WHAT TO WORK ON:
Line by line, retype the material exactly and leave each picture out.

AVAILABLE DATA:
===============
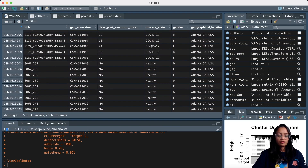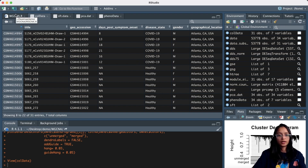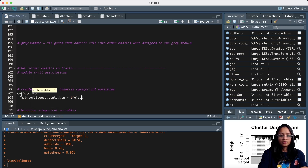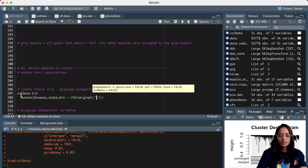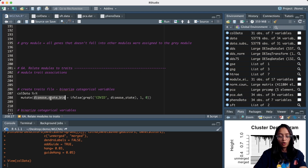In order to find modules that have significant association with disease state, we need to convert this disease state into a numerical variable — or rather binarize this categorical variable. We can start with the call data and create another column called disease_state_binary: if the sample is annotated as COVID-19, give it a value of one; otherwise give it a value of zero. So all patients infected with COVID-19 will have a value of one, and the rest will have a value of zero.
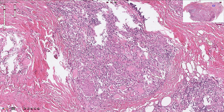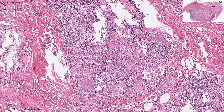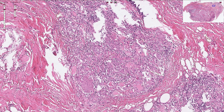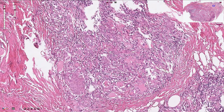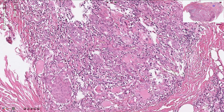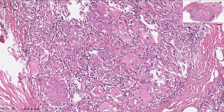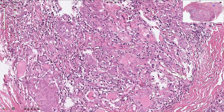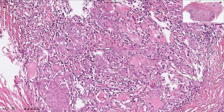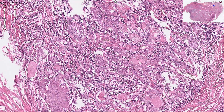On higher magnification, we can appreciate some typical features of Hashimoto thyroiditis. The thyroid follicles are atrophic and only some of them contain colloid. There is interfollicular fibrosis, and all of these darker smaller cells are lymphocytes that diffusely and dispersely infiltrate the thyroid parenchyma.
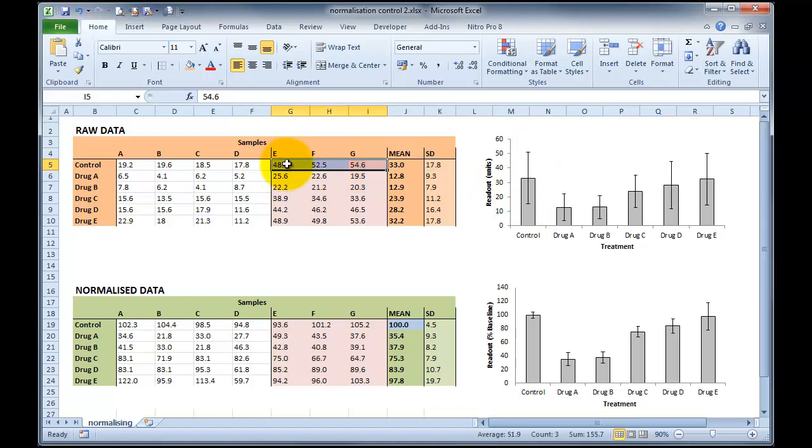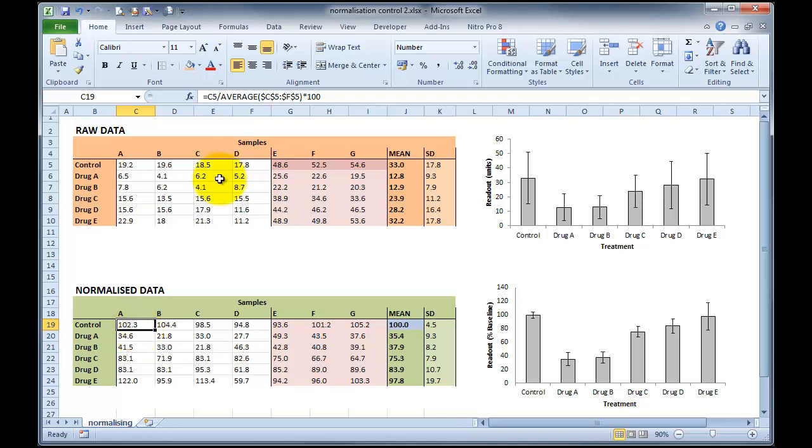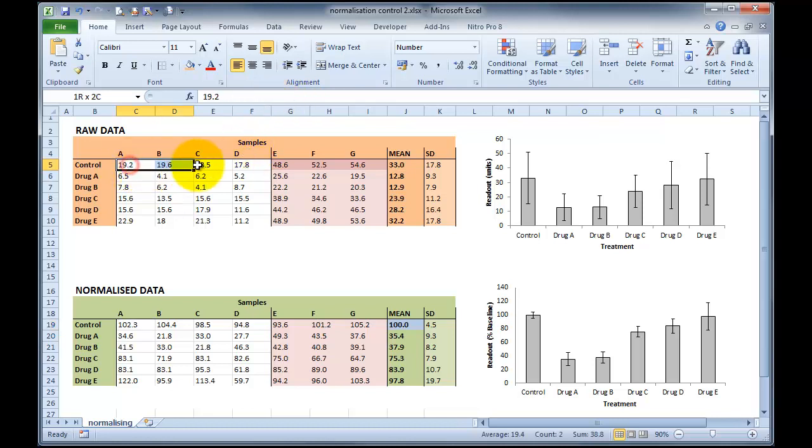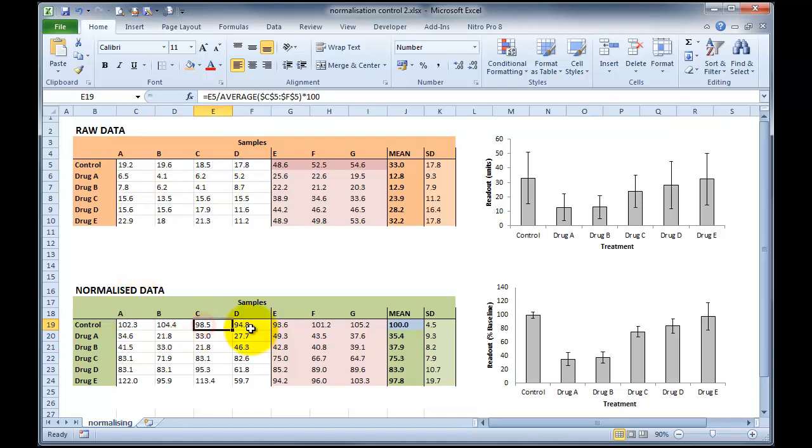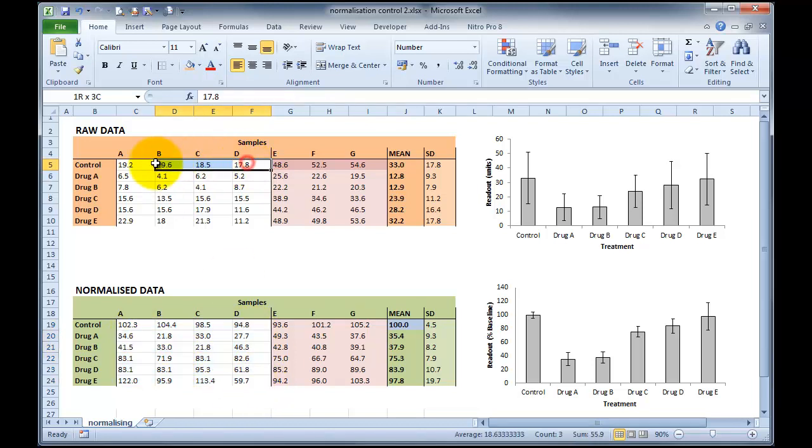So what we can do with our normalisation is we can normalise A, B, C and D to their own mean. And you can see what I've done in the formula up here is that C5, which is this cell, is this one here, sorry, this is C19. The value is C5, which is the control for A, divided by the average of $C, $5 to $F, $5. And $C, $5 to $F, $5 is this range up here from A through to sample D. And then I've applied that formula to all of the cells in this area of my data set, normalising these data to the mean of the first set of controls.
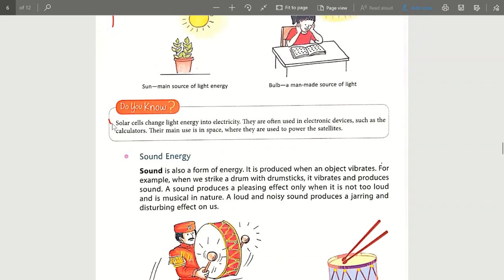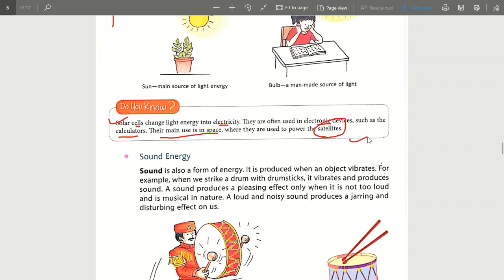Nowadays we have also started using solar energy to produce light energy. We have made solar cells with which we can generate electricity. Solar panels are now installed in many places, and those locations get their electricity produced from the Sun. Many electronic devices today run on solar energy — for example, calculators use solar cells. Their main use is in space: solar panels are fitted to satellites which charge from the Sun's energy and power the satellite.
===============
RESULT OF THE EXERCISE:
In order to find modules that have significant association with disease state, we need to convert this disease state into a numerical variable — or rather binarize this categorical variable. We can start with the call data and create another column called disease_state_binary: if the sample is annotated as COVID-19, give it a value of one; otherwise give it a value of zero. So all patients infected with COVID-19 will have a value of one, and the rest will have a value of zero.
On higher magnification, we can appreciate some typical features of Hashimoto thyroiditis. The thyroid follicles are atrophic and only some of them contain colloid. There is interfollicular fibrosis, and all of these darker smaller cells are lymphocytes that diffusely and dispersely infiltrate the thyroid parenchyma.
So what we can do with our normalisation is we can normalise A, B, C and D to their own mean. And you can see what I've done in the formula up here is that C5, which is this cell, is this one here, sorry, this is C19. The value is C5, which is the control for A, divided by the average of $C, $5 to $F, $5. And $C, $5 to $F, $5 is this range up here from A through to sample D. And then I've applied that formula to all of the cells in this area of my data set, normalising these data to the mean of the first set of controls.
Nowadays we have also started using solar energy to produce light energy. We have made solar cells with which we can generate electricity. Solar panels are now installed in many places, and those locations get their electricity produced from the Sun. Many electronic devices today run on solar energy — for example, calculators use solar cells. Their main use is in space: solar panels are fitted to satellites which charge from the Sun's energy and power the satellite.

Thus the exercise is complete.